Women's Tennis Recognized By NCAA For Academic Success
April 24, 2008
INDIANAPOLIS, Ind. --- The women's tennis program at East Carolina received a public recognition award from the NCAA Division I Academic Performance Program for having an Academic Progress Rate (APR) score which ranks among the top 10 percent within the sport.
In addition to ECU, 45 other women's tennis teams were recognized for their achievement which marked the most of any sport. Women's volleyball had 41 teams recognized, while the sport of women's golf had 39.
Coach Tom Morris' program was the only one at ECU to receive a a 2008 NCAA public recognition award for APR excellence and was the only Conference USA women's tennis team to be honored.
During the previous two seasons in which Morris has worked exclusively with the women's program, 14 student-athletes have been named to the Conference USA Commissioner's Honor Roll, including six who have earned the C-USA Academic Medal by posting a grade point average (GPA) of 3.75 or better.

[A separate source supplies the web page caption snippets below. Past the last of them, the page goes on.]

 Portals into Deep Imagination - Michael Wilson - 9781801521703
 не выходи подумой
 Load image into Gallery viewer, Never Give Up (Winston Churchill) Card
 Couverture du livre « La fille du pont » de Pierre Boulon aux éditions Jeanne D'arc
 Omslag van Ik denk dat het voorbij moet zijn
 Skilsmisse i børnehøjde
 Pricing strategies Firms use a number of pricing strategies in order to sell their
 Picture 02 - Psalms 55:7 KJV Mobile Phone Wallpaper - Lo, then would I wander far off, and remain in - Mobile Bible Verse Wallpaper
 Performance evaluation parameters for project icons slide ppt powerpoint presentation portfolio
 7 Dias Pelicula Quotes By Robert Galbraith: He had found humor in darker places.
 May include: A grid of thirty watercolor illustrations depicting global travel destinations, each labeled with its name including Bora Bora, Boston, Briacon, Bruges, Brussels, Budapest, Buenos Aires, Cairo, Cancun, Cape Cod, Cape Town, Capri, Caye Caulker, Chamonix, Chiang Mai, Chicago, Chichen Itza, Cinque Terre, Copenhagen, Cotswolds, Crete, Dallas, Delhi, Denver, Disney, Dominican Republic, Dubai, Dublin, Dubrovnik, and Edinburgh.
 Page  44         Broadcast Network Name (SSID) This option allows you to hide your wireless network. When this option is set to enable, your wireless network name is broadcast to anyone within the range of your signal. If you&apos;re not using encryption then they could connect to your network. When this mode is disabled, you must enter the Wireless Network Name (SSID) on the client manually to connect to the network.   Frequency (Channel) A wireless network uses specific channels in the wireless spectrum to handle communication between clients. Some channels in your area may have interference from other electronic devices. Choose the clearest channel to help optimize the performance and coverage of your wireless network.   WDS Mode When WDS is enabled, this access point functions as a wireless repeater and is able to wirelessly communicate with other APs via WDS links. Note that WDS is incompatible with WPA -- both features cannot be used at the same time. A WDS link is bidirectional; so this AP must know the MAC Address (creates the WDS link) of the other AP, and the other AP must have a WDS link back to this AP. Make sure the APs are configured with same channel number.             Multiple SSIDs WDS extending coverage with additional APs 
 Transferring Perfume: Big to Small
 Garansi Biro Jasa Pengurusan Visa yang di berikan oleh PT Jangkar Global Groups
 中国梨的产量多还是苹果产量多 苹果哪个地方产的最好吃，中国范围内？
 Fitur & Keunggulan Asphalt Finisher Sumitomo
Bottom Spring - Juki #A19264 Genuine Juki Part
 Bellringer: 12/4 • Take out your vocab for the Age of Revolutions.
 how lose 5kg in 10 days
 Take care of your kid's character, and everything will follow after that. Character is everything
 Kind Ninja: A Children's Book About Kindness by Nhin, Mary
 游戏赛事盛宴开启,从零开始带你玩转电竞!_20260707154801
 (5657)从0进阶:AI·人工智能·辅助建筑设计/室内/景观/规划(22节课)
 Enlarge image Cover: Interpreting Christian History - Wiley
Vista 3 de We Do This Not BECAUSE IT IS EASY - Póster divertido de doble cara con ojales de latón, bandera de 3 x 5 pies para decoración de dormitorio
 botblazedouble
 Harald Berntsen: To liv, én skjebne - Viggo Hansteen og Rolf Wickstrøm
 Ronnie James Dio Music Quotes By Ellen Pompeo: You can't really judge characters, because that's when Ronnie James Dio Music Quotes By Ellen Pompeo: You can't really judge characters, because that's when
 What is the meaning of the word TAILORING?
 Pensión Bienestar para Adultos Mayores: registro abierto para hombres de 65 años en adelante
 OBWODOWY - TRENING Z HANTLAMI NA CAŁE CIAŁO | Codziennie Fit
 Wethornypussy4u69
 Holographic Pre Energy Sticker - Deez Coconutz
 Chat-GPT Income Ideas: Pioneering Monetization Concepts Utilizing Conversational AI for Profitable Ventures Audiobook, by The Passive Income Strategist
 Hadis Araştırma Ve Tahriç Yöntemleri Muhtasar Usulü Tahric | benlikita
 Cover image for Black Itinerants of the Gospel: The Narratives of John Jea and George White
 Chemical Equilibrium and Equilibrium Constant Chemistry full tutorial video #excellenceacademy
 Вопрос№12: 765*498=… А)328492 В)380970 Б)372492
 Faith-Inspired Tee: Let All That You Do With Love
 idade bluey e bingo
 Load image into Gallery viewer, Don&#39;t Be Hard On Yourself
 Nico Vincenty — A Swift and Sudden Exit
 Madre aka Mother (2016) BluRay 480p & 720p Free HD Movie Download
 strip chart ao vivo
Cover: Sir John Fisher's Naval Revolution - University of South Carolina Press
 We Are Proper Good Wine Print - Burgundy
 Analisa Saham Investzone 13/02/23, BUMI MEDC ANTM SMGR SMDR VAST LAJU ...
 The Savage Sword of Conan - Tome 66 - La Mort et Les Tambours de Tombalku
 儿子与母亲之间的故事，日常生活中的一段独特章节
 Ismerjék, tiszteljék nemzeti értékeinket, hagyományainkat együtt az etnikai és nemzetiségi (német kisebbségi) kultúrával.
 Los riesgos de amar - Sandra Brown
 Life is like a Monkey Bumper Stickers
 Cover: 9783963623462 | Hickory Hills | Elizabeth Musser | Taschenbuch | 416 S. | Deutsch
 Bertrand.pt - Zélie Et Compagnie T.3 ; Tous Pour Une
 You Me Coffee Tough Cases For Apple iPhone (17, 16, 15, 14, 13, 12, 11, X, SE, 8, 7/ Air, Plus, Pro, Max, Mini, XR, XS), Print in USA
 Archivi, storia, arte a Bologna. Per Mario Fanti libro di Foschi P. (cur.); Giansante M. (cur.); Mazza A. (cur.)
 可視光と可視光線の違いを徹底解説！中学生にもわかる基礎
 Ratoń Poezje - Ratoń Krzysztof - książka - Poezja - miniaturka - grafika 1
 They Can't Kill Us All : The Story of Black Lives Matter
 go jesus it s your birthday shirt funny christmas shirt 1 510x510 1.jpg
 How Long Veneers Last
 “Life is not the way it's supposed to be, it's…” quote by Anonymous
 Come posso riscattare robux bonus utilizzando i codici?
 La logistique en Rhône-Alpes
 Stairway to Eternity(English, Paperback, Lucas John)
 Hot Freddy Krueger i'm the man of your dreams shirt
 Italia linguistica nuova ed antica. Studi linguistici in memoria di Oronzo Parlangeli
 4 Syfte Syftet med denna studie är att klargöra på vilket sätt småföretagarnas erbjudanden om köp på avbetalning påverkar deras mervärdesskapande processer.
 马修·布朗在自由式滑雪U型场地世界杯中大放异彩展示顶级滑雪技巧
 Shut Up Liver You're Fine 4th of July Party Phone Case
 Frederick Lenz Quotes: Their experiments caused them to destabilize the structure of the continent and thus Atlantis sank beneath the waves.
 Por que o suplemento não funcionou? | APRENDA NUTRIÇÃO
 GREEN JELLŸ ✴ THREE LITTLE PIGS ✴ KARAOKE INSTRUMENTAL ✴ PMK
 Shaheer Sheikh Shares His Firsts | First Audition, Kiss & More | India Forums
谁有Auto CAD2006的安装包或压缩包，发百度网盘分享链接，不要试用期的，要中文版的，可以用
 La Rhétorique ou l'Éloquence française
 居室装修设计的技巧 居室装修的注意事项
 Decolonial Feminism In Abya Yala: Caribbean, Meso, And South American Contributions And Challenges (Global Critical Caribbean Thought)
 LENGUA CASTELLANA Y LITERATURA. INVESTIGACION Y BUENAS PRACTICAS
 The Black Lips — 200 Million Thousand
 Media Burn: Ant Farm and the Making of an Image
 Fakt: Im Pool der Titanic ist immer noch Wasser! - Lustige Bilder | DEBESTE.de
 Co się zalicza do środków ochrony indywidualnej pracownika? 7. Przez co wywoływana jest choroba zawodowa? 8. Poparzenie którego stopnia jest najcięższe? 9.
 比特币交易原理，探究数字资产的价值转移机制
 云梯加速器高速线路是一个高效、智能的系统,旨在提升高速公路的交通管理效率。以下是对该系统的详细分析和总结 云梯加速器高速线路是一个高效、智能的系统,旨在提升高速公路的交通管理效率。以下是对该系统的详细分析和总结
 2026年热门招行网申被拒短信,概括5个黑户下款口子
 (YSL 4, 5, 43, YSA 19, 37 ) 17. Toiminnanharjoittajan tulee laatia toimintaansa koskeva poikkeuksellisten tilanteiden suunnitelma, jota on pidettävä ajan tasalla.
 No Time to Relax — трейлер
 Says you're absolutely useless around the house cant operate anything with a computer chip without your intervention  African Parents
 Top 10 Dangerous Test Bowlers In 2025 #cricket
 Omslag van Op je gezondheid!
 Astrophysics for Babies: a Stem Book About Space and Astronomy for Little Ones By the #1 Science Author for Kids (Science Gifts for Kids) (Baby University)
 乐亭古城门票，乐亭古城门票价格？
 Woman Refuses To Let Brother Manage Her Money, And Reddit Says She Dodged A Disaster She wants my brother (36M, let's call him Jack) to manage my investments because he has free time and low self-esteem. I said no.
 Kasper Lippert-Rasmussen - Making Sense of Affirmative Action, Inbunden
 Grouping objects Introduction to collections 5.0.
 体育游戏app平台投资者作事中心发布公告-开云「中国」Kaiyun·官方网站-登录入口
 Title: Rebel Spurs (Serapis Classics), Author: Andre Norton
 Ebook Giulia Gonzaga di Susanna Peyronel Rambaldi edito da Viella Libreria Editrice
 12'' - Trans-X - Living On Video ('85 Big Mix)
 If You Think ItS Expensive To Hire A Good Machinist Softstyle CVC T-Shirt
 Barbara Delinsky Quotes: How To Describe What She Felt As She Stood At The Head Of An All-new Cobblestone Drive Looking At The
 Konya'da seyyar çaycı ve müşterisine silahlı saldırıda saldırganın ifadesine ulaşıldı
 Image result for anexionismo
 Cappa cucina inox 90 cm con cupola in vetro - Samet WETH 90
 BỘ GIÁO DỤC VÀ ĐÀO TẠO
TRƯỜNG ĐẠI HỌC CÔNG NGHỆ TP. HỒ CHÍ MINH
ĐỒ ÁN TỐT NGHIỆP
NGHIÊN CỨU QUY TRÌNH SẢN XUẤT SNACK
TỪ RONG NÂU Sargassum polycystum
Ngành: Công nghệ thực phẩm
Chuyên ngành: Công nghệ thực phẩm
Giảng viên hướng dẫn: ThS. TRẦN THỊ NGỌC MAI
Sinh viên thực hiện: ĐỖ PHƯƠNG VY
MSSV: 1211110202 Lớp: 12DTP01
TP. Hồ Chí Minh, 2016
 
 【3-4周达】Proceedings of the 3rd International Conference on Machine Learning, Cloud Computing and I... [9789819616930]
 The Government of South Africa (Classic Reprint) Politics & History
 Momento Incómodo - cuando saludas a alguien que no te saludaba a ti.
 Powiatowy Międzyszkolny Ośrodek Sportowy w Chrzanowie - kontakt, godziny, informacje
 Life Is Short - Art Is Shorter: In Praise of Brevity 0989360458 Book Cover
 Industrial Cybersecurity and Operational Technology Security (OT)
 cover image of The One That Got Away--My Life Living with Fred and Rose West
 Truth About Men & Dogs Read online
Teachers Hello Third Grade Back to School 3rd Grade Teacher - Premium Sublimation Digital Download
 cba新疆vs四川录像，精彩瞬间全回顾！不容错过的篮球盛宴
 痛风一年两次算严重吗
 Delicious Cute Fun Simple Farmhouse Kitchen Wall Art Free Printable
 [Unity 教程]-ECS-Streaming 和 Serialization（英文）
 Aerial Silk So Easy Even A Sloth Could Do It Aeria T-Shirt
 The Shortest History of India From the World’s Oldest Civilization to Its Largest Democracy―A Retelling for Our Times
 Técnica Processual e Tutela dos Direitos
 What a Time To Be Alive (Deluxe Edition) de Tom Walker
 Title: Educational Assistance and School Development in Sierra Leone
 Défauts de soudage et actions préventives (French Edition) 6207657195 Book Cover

Eight of the 11 student-athetes on the team received the distinction of being named to either the Chancellor's List, Dean's List or Honor Roll during the 2007 fall semester.
In 10 years directing the ECU women's tennis program, Morris has compiled a record of 149-91 (.621) and is the winningest coach in ECU history. Morris' teams have set the school record for wins in a season five times, winning a record-19 matches in 2006 and 2007.
The APR provides a real-time look at a team's academic success each semester by tracking the academic progress of each student-athlete. The APR includes eligibility, retention, and graduation in the calculation and provides a clear picture of the academic culture in each sport. High-performing teams receiving awards posted APR scores ranging from 965 to a perfect 1,000.
Multi-year APR scores for all 6,272 Division I sports teams, including the teams receiving public recognition awards, will be announced May 6. The announcement also will include immediate and historically based penalties for low-performing teams.